Problem requirements
Going down the data below, set down exactly the line with "So make sure" and each line after it through the line with "Forging is a"; no other lines.

Provided entries
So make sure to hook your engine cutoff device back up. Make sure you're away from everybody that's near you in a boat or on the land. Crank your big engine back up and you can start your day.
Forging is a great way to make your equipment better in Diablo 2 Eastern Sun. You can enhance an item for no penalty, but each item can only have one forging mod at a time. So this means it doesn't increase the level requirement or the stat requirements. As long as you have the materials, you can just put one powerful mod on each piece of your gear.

---

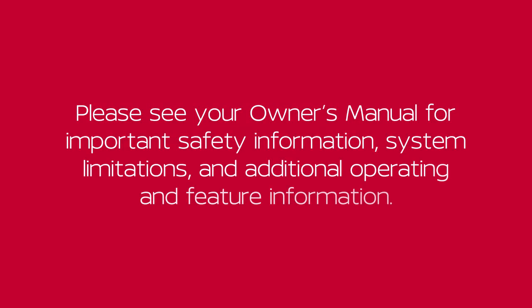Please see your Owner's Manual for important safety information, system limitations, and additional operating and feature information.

--

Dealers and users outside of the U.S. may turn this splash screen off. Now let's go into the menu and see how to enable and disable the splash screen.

The answer
So make sure to hook your engine cutoff device back up. Make sure you're away from everybody that's near you in a boat or on the land. Crank your big engine back up and you can start your day.
Forging is a great way to make your equipment better in Diablo 2 Eastern Sun. You can enhance an item for no penalty, but each item can only have one forging mod at a time. So this means it doesn't increase the level requirement or the stat requirements. As long as you have the materials, you can just put one powerful mod on each piece of your gear.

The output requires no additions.